> [Records for processing]

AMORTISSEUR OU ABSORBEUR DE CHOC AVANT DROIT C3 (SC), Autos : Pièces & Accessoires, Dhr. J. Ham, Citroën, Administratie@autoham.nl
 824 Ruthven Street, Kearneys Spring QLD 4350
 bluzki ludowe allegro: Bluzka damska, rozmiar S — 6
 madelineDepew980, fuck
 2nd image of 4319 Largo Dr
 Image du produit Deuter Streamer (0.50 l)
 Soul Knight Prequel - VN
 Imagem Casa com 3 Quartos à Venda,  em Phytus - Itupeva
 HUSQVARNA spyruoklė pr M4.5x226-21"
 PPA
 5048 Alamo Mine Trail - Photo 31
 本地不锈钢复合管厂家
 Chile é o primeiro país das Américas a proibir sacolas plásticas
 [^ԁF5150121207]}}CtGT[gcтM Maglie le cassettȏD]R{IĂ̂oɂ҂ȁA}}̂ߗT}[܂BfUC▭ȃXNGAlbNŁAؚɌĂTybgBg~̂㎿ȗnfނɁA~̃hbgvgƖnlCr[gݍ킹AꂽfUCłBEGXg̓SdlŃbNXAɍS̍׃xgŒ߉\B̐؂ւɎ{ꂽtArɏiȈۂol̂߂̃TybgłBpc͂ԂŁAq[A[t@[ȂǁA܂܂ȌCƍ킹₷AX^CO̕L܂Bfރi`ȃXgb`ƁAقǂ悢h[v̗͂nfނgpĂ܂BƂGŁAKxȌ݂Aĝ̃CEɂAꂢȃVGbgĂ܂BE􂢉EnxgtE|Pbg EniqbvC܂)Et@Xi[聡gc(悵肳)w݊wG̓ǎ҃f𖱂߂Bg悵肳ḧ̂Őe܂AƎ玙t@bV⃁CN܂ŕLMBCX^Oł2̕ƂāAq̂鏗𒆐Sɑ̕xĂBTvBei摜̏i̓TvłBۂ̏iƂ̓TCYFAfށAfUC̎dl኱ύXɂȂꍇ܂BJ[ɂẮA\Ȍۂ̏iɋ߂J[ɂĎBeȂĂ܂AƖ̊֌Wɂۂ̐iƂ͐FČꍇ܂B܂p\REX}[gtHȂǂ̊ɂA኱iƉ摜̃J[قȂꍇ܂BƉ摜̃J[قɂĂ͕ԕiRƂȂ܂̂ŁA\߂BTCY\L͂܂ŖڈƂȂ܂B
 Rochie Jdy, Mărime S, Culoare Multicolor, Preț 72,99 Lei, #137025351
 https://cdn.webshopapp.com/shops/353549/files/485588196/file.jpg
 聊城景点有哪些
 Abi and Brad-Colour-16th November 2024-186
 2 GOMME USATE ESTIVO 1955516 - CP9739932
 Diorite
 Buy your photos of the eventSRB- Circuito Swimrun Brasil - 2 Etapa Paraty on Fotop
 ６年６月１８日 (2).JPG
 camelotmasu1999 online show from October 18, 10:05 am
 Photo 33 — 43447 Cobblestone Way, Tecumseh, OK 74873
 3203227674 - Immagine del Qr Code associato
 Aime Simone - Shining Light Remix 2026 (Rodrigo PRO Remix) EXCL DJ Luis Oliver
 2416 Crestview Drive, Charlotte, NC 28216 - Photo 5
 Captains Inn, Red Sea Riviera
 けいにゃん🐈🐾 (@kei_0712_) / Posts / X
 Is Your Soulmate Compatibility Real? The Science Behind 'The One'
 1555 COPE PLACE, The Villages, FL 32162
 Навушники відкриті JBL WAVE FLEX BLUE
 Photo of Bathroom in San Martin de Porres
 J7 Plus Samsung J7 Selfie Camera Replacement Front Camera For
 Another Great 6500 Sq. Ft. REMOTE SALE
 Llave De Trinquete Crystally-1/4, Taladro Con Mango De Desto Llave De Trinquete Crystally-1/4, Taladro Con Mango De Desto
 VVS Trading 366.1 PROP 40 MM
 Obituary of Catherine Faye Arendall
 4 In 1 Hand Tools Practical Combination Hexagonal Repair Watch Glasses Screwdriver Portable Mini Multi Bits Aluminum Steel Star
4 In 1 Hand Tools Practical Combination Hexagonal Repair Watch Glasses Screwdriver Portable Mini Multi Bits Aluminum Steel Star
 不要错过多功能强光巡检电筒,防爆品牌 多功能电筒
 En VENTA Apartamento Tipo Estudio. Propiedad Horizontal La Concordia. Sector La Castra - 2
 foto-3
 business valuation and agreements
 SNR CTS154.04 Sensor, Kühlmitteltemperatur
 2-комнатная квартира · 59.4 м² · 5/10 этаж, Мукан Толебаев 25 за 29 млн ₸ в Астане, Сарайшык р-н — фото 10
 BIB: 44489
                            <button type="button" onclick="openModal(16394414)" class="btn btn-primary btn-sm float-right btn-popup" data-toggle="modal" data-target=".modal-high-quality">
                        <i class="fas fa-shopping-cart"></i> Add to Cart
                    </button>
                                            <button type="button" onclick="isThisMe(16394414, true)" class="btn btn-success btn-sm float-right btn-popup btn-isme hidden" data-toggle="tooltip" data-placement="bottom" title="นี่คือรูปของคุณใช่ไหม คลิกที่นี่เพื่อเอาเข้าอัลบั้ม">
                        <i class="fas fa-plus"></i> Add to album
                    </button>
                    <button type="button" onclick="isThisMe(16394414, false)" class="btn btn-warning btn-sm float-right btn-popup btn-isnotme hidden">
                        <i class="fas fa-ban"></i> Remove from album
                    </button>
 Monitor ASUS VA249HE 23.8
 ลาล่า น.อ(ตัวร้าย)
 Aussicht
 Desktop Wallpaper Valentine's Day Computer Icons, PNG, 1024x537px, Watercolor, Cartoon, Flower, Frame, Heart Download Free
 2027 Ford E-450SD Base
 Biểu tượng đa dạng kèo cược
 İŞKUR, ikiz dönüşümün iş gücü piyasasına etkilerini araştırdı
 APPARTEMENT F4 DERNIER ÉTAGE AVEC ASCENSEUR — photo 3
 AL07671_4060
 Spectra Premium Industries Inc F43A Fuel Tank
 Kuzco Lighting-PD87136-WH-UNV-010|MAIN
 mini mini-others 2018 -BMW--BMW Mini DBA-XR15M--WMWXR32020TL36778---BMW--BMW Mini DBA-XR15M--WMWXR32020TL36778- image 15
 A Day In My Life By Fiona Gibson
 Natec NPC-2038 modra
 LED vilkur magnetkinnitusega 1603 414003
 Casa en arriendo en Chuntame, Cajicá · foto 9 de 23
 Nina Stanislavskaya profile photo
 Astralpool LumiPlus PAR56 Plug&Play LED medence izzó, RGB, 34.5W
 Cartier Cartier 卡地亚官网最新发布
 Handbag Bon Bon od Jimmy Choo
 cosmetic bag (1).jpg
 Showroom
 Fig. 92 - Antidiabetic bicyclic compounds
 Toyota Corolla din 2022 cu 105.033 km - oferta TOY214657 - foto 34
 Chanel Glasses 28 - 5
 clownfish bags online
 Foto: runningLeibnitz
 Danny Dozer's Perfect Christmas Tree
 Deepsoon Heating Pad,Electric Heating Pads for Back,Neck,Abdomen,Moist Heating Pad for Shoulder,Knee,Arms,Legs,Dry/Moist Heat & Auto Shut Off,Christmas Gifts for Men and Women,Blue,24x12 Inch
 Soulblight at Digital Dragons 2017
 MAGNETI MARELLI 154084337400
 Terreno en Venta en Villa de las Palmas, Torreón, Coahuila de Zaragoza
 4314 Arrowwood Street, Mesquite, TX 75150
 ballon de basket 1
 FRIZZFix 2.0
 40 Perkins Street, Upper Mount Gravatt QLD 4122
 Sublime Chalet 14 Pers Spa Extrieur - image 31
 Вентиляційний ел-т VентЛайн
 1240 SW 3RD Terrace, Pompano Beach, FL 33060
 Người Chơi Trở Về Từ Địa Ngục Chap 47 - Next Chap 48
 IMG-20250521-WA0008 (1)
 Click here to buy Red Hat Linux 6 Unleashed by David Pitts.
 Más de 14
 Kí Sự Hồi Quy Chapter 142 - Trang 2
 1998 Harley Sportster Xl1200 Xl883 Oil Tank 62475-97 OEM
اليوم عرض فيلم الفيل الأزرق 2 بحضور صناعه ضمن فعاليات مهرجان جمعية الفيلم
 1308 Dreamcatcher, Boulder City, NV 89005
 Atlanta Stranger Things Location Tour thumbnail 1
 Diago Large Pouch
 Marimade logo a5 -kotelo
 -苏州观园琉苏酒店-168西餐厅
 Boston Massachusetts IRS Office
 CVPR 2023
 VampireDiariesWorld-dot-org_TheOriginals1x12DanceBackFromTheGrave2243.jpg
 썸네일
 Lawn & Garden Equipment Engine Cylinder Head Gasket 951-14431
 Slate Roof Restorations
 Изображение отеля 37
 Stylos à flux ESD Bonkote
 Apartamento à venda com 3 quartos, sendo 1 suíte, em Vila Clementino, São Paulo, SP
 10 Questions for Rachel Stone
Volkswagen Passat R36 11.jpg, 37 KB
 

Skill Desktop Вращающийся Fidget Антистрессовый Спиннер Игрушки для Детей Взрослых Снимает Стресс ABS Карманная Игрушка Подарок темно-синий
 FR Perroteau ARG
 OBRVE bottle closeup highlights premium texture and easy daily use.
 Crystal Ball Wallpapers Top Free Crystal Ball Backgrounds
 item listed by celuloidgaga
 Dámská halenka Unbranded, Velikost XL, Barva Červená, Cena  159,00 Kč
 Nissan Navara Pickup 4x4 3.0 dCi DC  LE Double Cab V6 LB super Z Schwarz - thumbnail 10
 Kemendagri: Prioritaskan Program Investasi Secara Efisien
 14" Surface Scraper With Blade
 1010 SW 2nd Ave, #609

> [Problem description] Look above for the line that contains "MAGNETI MARELLI 154084337400". Starting there, transcribe every line exactly until you have copied the line that contains "Sublime Chalet 14".

> [Expected output]
 MAGNETI MARELLI 154084337400
 Terreno en Venta en Villa de las Palmas, Torreón, Coahuila de Zaragoza
 4314 Arrowwood Street, Mesquite, TX 75150
 ballon de basket 1
 FRIZZFix 2.0
 40 Perkins Street, Upper Mount Gravatt QLD 4122
 Sublime Chalet 14 Pers Spa Extrieur - image 31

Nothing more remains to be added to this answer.